The recommendation has no presumptive weight.
The
responsibility to make a final determination remains with this court. See Matthews v. Weber, 423
U.S. 261, 270-71 (1976). This court is charged with making a de novo determination of those
portions of the Report to which specific objections are made, and the court may accept, reject, or
modify, in whole or in part, the Magistrate Judge’s recommendation, or recommit the matter
with instructions. See 28 U.S.C. § 636(b)(1). Failure to file specific objections constitutes a
waiver of a party’s right to further judicial review, including appellate review, if the
recommendation is accepted by the district judge. See United States v. Schronce, 727 F.2d 91,
4
94 & n.4 (4th Cir. 1984). In the absence of specific objections to the Magistrate Judge’s Report,
this court is not required to give any explanation for adopting the recommendation. See Camby
v. Davis, 718 F.2d 198, 199 (4th Cir. 1983).
SUMMARY JUDGMENT STANDARD
Summary judgment is appropriate when the pleadings, depositions, answers to
interrogatories, and admissions on file, together with affidavits, if any, show that “there is no
genuine dispute as to any material fact and the movant is entitled to judgment as a matter of
law.” Fed. R. Civ. P. 56(a). In determining whether a genuine issue has been raised, the court
must construe all inferences and ambiguities against the movant and in favor of the non-moving
party. See United States v. Diebold, Inc., 369 U.S. 654, 655 (1962).

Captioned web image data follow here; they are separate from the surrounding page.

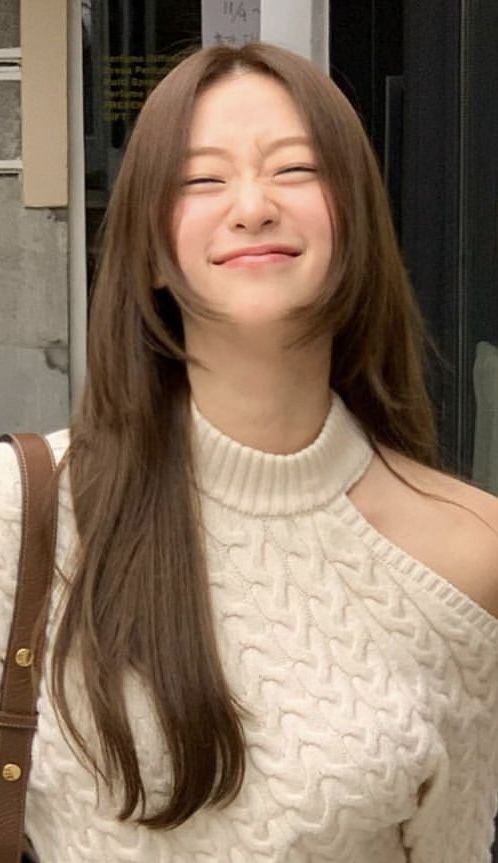 Haerin Hair, Brown Hair Without Bleach, Highlights Korean, Front Bangs Hairstyles, Korean Long Hair, Korean Hair Color, Hair Inspiration Long, Winter Hair Color, Hair Inspo Color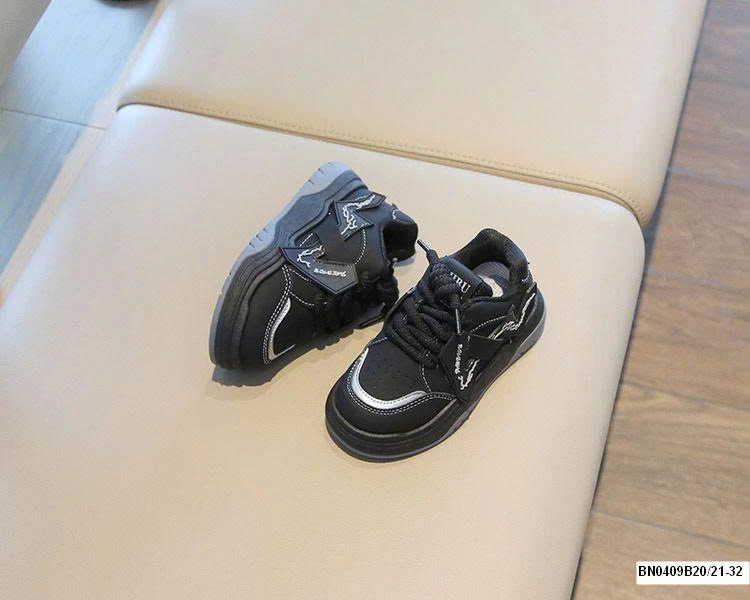 GIÀY THỂ THAO MẪU MỚI 2025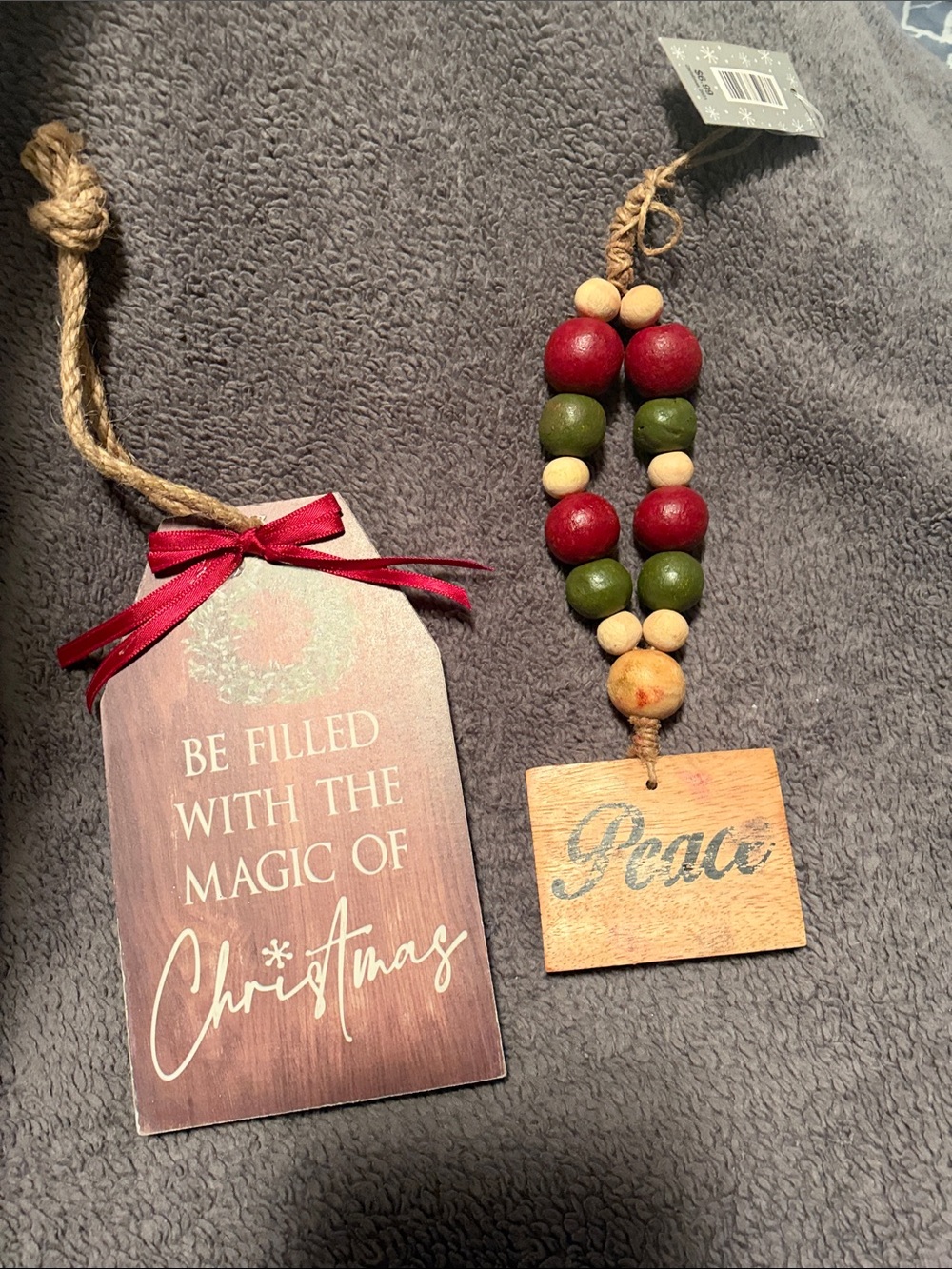 Assorted ornaments - Picture 3 of 4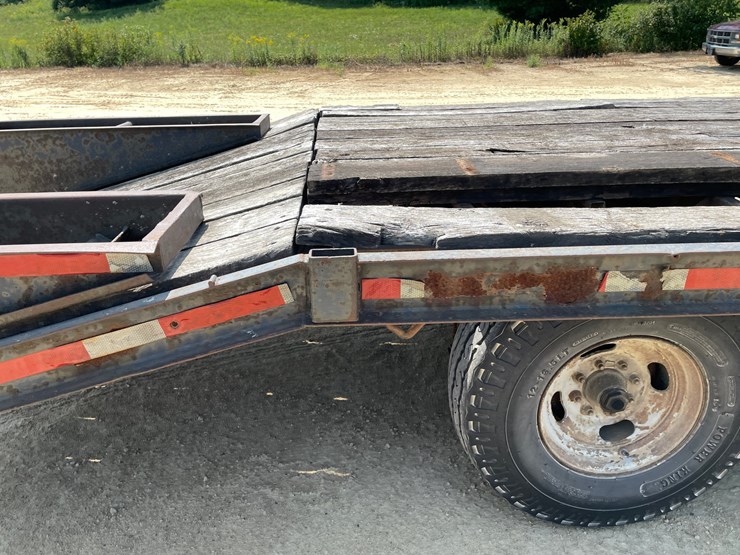 #1236-•-2005-home-made-19'-deckover-trailer-(has-wi-title)-image-19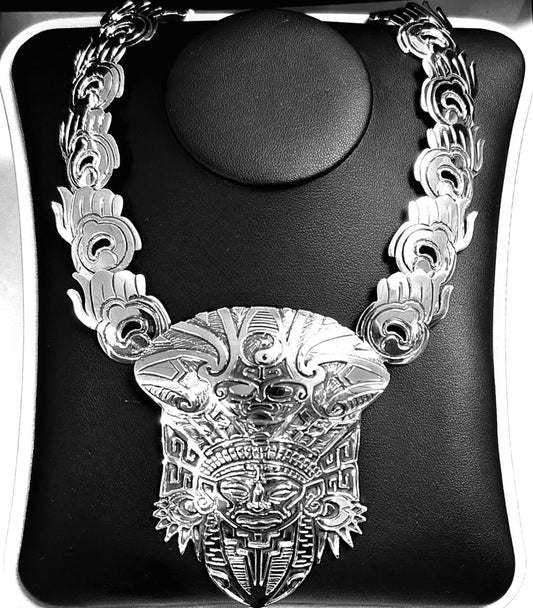 Collar Escudo Prehispánico Cultura Maya en Plata Ley 950, vista frontal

The party seeking summary judgment shoulders the initial burden of demonstrating to the
district court that there is no genuine issue of material fact. See Celotex Corp. v. Catrett, 477
U.S. 317, 323 (1986). Once the movant has made this threshold demonstration, the non-moving
party, to survive the motion for summary judgment, may not rest on the allegations averred in his
pleadings. Rather, the non-moving party must demonstrate that specific, material facts exist
which give rise to a genuine issue. See id. at 324. Under this standard, the existence of a mere
scintilla of evidence in support of the petitioner’s position is insufficient to withstand the
summary judgment motion. See Anderson v. Liberty Lobby, Inc., 477 U.S. 242, 252 (1986).
Likewise, conclusory allegations or denials, without more, are insufficient to preclude the
granting of the summary judgment motion. See Ross v. Commc’ns Satellite Corp., 759 F.2d 355,
365 (4th Cir. 1985). “Only disputes over facts that might affect the outcome of the suit under the
governing law will properly preclude the entry of summary judgment. Factual disputes that are
irrelevant or unnecessary will not be counted.” Anderson, 477 U.S. at 248.
5
DISCUSSION
As Plaintiff is a pro se litigant, the court is required to liberally construe her arguments.
Gordon v. Leeke, 574 F.2d 1147, 1151 (4th Cir. 1978). The court addresses those arguments
that, under the mandated liberal construction, it has reasonably found to state a claim. Barnett v.
Hargett, 174 F.3d 1128, 1133 (10th Cir. 1999).
Subject Matter Jurisdiction over Defendants
The Magistrate Judge recommends that Angela Repass and David Repass be dismissed
from this action on the grounds that claims brought under either Title VII or the ADEA do not
provide for individual liability. See Lissau v. S. Food Serv., Inc., 159 F.3d 177, 180 (4th Cir.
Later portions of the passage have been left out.